Ensuite est venue la partie délicate du projet de recherche: s’assurer que la modification espérée des propriétés magnétiques avait bel et bien eu lieu. Pour trouver la réponse à cette question, les scientifiques ont dû procéder en trois étapes, comme des détectives. Andreas Suter, du Laboratoire de spectroscopie de spin des muons du PSI Center for Neutron and Muon Sciences, a d’abord bombardé l’échantillon avec des muons issus de la Source de Muons Suisse SμS du PSI, en ajustant l’énergie avec une telle précision que ces particules se sont arrêtées à proximité des interfaces du réseau. Lorsqu’on applique un champ magnétique extérieur, ces muons effectuent un mouvement gyroscopique oscillant que l’on peut mesurer. Si cette précession reste constante dans le temps, le matériau n’est pas magnétique à cet endroit. Si elle diminue avec le temps, c’est le signe que le matériau est magnétique, comme dans le cas qui nous occupe. Les muons se désintègrent alors au terme d’un bref laps de temps, en émettant des positrons qui peuvent être utilisés pour détecter indirectement le comportement des muons.

Pour obtenir une image complète des propriétés magnétiques de ce nouveau matériau, Andreas Suter a bombardé l'échantillon dans son laboratoire avec des muons provenant de la Source de Muons Suisse SμS du PSI. La proximité immédiate de ces deux grandes installations de recherche fait du PSI un site unique pour appliquer de manière complémentaire les méthodes de recherche les plus modernes. © Institut Paul Scherrer PSI/Mahir Dzambegovic

Mais à cette étape, les physiciens ne savaient pas encore à quel magnétisme ils avaient affaire. Pour ce faire, ils ont mesuré lors d’une deuxième étape la plaque mince avec des capteurs magnétiques extrêmement sensibles sans percevoir de signal magnétique. Comme ces capteurs peuvent détecter uniquement le ferromagnétisme, ils ont pu en conclure que l’échantillon en question était magnétique, mais pas ferromagnétique. Il devait donc forcément être antiferromagnétique. 
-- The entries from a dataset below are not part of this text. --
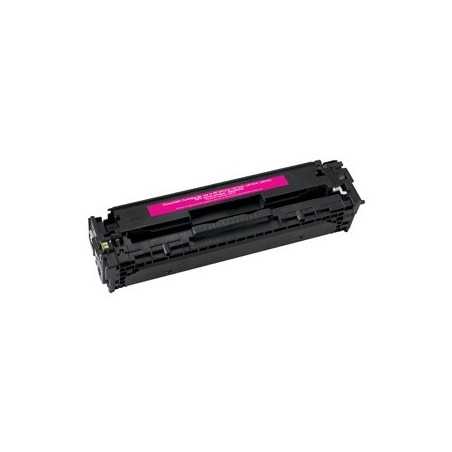 Toner Compativel 716 - Magenta (542A)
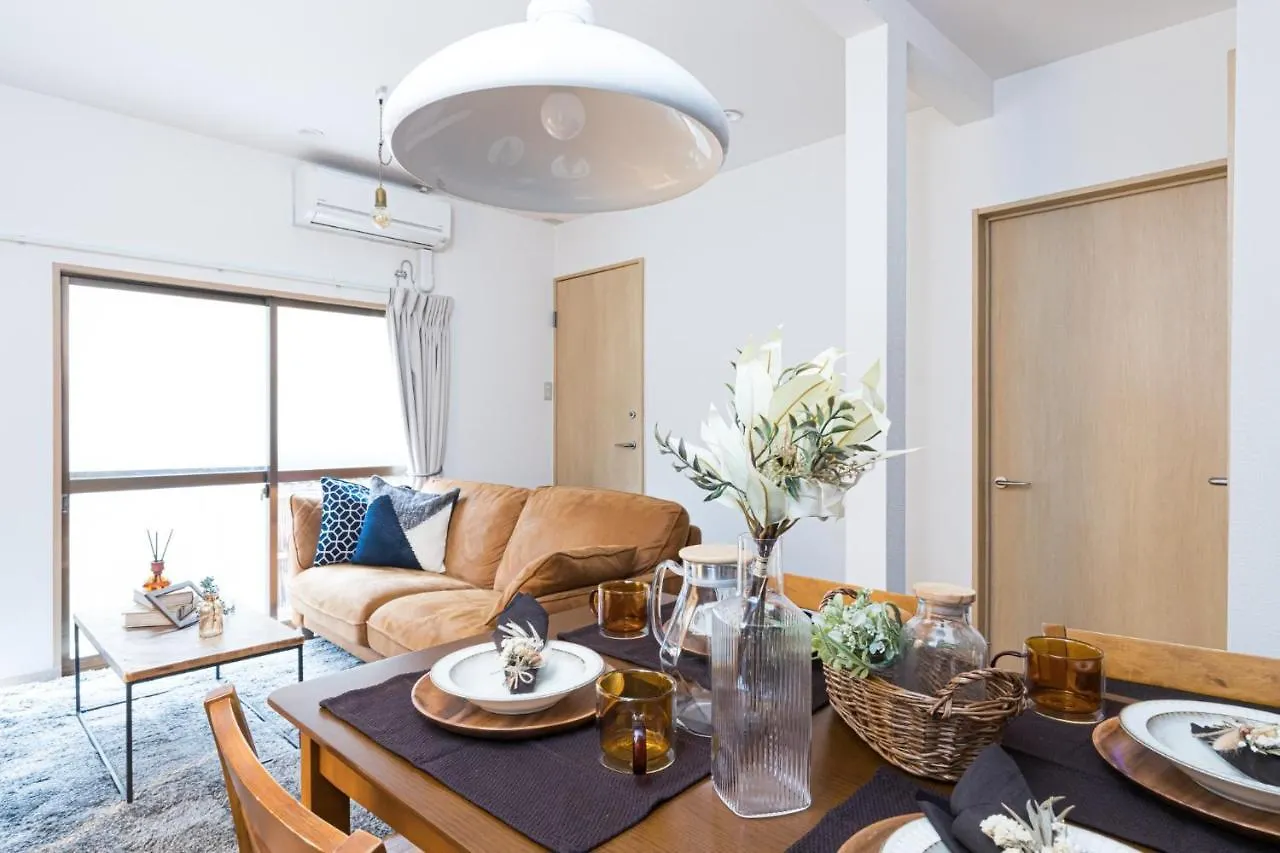 Mita Guest House - Vacation Stay 12100 Tokyo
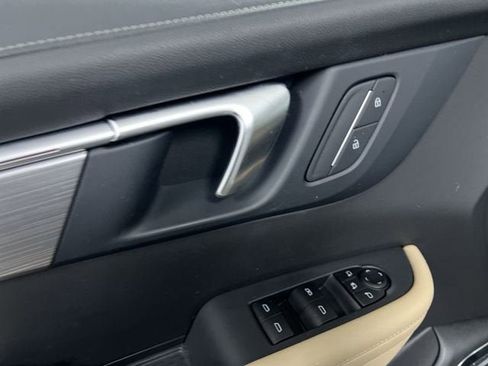 Certified 2026 Buick Enclave Preferred w/ LPO, Floor Liner Package image 23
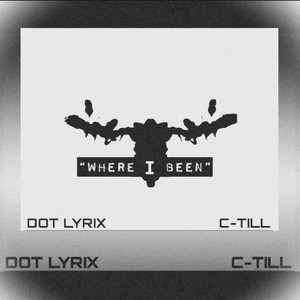 Where I Been (feat. DOT LYRICS) (Special Version)
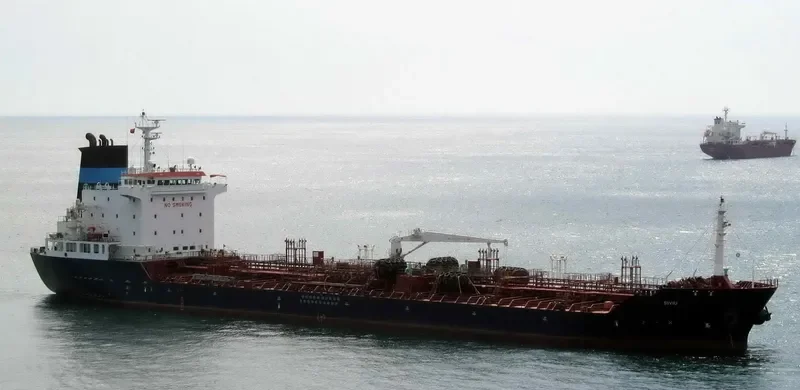 SIVIU Tanker IMO 9541289 photo 3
Dans ce cas, la structure électronique est décisive. Lors d’une troisième étape, les physiciens utilisent la méthode appelée RIXS (diffusion inélastique résonante de rayons X ou Resonant Inelastic X-ray Scattering en anglais) pour caractériser cette structure électronique. Avec des rayons X issus de la Source de Lumière Suisse SLS, dont l’énergie est ajustée avec précision, un électron est soulevé depuis la bande d’énergie la plus basse d’un atome vers une bande d’énergie inoccupée. Comme cela entraîne un déséquilibre dans l’atome, un autre électron issu d’une bande d’énergie plus basse tombe en un milliardième de seconde dans l’espace libéré au-dessous et, ce faisant, émet également de la lumière de type rayons X, mais à plus basse énergie. La différence d’énergie entre la lumière émise et la lumière reçue renseigne sur les distances qui séparent les bandes d’énergie. Par ailleurs, les électrons effectuent des mouvements gyroscopiques qui se propagent à travers le matériau sous forme d’ondes de spin, appelées magnons, comme une pierre que l’on jette dans l’eau. De cette manière, les chercheurs sondent la structure électronique complexe et les propriétés magnétiques locales du matériau. 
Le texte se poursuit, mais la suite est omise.